Be realistic. Yes, Extreme Couponing encouraged me to start clipping coupons, but that show is unrealistic! There is no possible way that you will checkout with a total before coupons over $500, and walk out of the store paying absolutely nothing.
Start your coupon journey by focusing on one or two stores. To make things easier, Coupons Over Cash focuses on CVS, Safeway, and Target deals, as I think these are the easiest for beginners. Each store is unique and provides different incentives, which helps make your Out of Pocket (OOP) less!
Know the store’s coupon policy. There have been multiple times when I’ve checked out at a store and the cashier didn’t know the store’s coupon policy. In these situations, it’s best to keep a printed copy in your coupon binder, or bookmark it on your phone.
Know the difference between “per transaction” and “per purchase.” At the bottom of most coupons, it will mention limit one per purchase or one per transaction. One per purchase refers to the purchase of an individual item. For example, you plan to purchase four tubes of Colgate toothpaste. If the Colgate coupon said limit one per purchase, you could use four coupons because you are purchasing four of the same item. One per transaction refers to the entirety of what you’re buying. Similarly, if you were buying four tubes of Colgate toothpaste, and the Colgate coupon said limit one per transaction, you could only use one coupon. An entire transaction consists of multiple purchases.
Keep your coupons organized. I have arranged my coupons MULTIPLE different ways. I started with the binder method, then switched to a “clip as needed” policy. Find what works best for you.
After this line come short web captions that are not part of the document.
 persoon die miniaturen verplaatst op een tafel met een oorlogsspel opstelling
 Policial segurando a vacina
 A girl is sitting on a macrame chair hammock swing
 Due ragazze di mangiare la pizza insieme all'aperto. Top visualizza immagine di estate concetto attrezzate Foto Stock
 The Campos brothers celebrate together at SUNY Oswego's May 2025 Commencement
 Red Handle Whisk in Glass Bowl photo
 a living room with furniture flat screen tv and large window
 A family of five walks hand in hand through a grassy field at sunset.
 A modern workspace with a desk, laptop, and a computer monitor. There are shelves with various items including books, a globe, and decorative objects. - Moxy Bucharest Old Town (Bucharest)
Buy only what the coupon states. If a coupon is for $2 off Lysol toilet bowl cleaner, don’t try to use it on Lysol disinfectant spray. Some dishonest couponers will try to do this and assume that because the coupon didn’t *beep* at the register, then it is okay. This is actually considered coupon misuse. What would be acceptable is if the coupon said $2 off ANY Lysol product.
Don’t be afraid to try new brands. I’ll admit, I used to be loyal to specific brands. I’m talking to you Charmin Ultra Soft toilet paper. If an item is free (or extremely cheap), don’t be afraid to branch out. I mean, all brands of toilet paper do do the same thing, pun intended.
If you can’t use it or donate it, don’t buy it. All too often, some couponers will do a deal only because they have the coupons for that item, and never use what they bought. If you cannot use it, or donate it, it’ll just clutter your home.
Invest in a paper cutter. If you’re going to use a coupon binder, save yourself some time (and hand cramps) and get a paper cutter. You’ll thank me later.